TASK DIRECTIONS
Print, exactly as written, every line from the first line of the records below through the line containing "Red Maltese cross", and nothing further.

Records contained in a dataset:
******

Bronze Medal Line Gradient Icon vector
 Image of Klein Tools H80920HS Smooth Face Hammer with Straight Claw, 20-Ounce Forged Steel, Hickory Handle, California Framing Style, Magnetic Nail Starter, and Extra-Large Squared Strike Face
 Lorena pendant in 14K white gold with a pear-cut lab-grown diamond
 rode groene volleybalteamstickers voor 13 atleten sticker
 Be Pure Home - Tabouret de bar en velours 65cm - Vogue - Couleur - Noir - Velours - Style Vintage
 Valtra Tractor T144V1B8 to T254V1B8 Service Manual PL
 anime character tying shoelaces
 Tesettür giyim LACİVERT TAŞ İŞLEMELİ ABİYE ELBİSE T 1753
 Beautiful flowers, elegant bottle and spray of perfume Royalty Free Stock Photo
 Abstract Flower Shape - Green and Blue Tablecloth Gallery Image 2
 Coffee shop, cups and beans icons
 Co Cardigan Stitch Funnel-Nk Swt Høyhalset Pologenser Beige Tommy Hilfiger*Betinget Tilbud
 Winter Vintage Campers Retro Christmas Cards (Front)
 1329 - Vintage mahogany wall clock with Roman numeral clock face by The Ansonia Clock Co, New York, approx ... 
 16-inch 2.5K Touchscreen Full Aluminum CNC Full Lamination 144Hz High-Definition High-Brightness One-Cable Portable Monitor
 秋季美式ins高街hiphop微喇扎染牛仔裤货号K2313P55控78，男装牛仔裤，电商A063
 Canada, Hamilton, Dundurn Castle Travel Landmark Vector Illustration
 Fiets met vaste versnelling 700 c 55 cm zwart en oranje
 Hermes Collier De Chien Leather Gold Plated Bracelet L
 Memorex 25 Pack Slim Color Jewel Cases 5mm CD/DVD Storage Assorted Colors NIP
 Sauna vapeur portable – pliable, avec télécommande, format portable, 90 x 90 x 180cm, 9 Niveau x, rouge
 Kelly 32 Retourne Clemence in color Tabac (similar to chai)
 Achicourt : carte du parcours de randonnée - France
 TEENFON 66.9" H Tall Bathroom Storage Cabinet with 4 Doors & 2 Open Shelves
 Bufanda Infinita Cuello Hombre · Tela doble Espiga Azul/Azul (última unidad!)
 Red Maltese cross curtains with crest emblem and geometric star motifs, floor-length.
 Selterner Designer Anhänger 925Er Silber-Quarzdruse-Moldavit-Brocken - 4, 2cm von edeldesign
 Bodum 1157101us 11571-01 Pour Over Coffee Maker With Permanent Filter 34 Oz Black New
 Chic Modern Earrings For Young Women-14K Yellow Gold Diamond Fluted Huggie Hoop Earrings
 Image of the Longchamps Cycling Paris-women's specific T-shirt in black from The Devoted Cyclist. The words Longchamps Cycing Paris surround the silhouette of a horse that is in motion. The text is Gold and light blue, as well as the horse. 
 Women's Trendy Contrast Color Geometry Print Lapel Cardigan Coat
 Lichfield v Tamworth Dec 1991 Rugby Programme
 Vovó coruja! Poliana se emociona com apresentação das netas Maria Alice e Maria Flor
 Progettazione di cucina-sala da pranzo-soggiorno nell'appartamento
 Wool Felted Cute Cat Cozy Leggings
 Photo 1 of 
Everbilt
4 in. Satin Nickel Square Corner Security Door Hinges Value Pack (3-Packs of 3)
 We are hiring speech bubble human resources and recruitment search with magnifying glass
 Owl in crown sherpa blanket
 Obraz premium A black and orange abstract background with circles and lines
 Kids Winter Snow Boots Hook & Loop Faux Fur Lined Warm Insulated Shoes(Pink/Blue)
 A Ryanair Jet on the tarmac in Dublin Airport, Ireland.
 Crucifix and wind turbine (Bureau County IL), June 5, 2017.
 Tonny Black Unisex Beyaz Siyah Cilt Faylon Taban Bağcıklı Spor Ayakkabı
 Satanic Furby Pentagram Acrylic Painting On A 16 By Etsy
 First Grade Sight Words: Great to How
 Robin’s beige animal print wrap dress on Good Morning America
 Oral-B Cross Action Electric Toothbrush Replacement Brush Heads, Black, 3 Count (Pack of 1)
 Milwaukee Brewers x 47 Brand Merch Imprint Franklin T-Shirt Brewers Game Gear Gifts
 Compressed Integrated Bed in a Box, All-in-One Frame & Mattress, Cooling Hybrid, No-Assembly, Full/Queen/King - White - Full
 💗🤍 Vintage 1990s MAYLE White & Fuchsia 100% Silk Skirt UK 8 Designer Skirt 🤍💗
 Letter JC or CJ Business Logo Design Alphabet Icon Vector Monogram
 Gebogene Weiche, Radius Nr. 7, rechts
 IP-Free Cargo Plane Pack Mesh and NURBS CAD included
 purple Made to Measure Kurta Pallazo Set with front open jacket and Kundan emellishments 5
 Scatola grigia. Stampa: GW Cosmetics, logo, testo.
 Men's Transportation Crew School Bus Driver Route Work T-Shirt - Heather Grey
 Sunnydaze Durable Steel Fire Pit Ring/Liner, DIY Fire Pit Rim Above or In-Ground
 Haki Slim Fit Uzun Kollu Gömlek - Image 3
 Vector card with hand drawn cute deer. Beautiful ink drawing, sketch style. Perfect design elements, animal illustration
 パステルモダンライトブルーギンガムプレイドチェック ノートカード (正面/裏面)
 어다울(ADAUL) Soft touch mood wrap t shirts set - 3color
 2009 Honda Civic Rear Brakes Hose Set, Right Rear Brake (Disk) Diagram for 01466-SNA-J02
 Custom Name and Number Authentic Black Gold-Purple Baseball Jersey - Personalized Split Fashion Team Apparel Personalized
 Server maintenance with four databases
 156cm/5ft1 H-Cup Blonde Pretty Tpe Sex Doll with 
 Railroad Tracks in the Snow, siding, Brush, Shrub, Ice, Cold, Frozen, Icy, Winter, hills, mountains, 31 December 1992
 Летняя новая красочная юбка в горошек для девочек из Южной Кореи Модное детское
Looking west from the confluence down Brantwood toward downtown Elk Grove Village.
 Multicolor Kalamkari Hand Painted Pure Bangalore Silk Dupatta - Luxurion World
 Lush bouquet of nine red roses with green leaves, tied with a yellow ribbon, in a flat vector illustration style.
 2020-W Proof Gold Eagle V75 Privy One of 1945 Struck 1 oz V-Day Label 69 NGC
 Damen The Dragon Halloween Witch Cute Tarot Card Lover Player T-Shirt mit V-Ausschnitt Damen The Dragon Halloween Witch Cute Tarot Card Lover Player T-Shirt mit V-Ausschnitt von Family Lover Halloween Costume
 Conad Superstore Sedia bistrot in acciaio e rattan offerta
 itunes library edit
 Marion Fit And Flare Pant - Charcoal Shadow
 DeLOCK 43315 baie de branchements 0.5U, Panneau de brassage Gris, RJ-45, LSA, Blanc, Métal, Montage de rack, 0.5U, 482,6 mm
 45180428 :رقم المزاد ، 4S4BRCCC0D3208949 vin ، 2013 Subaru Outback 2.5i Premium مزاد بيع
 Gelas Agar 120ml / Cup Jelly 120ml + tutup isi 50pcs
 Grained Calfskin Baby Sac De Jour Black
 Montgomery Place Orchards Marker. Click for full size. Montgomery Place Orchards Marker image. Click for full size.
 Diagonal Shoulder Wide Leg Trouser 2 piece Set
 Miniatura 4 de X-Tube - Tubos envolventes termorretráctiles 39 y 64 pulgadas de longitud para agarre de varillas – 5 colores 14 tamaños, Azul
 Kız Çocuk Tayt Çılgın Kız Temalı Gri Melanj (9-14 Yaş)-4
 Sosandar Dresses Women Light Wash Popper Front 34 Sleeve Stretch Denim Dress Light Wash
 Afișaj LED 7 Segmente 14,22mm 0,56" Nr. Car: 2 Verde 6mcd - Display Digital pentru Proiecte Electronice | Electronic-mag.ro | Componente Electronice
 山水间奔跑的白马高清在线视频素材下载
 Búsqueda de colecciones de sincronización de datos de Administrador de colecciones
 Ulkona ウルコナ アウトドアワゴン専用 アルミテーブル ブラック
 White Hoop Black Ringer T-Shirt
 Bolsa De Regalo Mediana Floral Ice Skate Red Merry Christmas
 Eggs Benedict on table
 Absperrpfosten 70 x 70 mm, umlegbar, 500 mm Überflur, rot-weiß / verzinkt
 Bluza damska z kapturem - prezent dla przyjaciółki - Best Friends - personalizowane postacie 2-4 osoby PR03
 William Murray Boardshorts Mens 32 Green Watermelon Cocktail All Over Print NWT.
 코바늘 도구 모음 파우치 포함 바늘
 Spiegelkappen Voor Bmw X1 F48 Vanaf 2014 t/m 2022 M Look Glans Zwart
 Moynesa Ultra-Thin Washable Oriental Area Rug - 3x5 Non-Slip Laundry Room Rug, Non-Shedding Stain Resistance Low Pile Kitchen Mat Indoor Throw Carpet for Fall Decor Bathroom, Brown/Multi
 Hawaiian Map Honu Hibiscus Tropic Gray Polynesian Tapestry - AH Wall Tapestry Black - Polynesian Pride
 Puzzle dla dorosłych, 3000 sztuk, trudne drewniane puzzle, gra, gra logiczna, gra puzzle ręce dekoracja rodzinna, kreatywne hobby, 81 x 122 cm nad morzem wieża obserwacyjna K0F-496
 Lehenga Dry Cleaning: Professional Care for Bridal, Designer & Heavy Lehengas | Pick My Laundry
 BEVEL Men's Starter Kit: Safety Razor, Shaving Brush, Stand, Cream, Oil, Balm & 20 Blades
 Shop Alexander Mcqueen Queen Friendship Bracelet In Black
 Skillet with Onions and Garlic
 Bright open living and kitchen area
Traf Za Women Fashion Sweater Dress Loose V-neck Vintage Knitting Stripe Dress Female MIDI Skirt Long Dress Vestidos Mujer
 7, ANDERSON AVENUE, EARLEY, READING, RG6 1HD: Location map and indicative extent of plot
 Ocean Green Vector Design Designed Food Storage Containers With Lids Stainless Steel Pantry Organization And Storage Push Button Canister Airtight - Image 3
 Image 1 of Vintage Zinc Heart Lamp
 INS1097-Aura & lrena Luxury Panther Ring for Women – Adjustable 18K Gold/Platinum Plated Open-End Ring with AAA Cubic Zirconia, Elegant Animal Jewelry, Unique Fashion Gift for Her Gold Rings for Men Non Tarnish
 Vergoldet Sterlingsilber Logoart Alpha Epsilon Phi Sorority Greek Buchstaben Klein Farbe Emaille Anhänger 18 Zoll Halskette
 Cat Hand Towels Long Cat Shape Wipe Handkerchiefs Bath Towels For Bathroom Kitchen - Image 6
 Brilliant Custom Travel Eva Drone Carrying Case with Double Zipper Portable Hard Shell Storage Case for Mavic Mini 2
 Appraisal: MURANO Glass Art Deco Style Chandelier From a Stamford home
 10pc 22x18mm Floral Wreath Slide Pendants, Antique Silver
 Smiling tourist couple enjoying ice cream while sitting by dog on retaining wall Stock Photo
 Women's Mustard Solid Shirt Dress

******

SOLUTION FOR THIS EXERCISE
Bronze Medal Line Gradient Icon vector
 Image of Klein Tools H80920HS Smooth Face Hammer with Straight Claw, 20-Ounce Forged Steel, Hickory Handle, California Framing Style, Magnetic Nail Starter, and Extra-Large Squared Strike Face
 Lorena pendant in 14K white gold with a pear-cut lab-grown diamond
 rode groene volleybalteamstickers voor 13 atleten sticker
 Be Pure Home - Tabouret de bar en velours 65cm - Vogue - Couleur - Noir - Velours - Style Vintage
 Valtra Tractor T144V1B8 to T254V1B8 Service Manual PL
 anime character tying shoelaces
 Tesettür giyim LACİVERT TAŞ İŞLEMELİ ABİYE ELBİSE T 1753
 Beautiful flowers, elegant bottle and spray of perfume Royalty Free Stock Photo
 Abstract Flower Shape - Green and Blue Tablecloth Gallery Image 2
 Coffee shop, cups and beans icons
 Co Cardigan Stitch Funnel-Nk Swt Høyhalset Pologenser Beige Tommy Hilfiger*Betinget Tilbud
 Winter Vintage Campers Retro Christmas Cards (Front)
 1329 - Vintage mahogany wall clock with Roman numeral clock face by The Ansonia Clock Co, New York, approx ... 
 16-inch 2.5K Touchscreen Full Aluminum CNC Full Lamination 144Hz High-Definition High-Brightness One-Cable Portable Monitor
 秋季美式ins高街hiphop微喇扎染牛仔裤货号K2313P55控78，男装牛仔裤，电商A063
 Canada, Hamilton, Dundurn Castle Travel Landmark Vector Illustration
 Fiets met vaste versnelling 700 c 55 cm zwart en oranje
 Hermes Collier De Chien Leather Gold Plated Bracelet L
 Memorex 25 Pack Slim Color Jewel Cases 5mm CD/DVD Storage Assorted Colors NIP
 Sauna vapeur portable – pliable, avec télécommande, format portable, 90 x 90 x 180cm, 9 Niveau x, rouge
 Kelly 32 Retourne Clemence in color Tabac (similar to chai)
 Achicourt : carte du parcours de randonnée - France
 TEENFON 66.9" H Tall Bathroom Storage Cabinet with 4 Doors & 2 Open Shelves
 Bufanda Infinita Cuello Hombre · Tela doble Espiga Azul/Azul (última unidad!)
 Red Maltese cross curtains with crest emblem and geometric star motifs, floor-length.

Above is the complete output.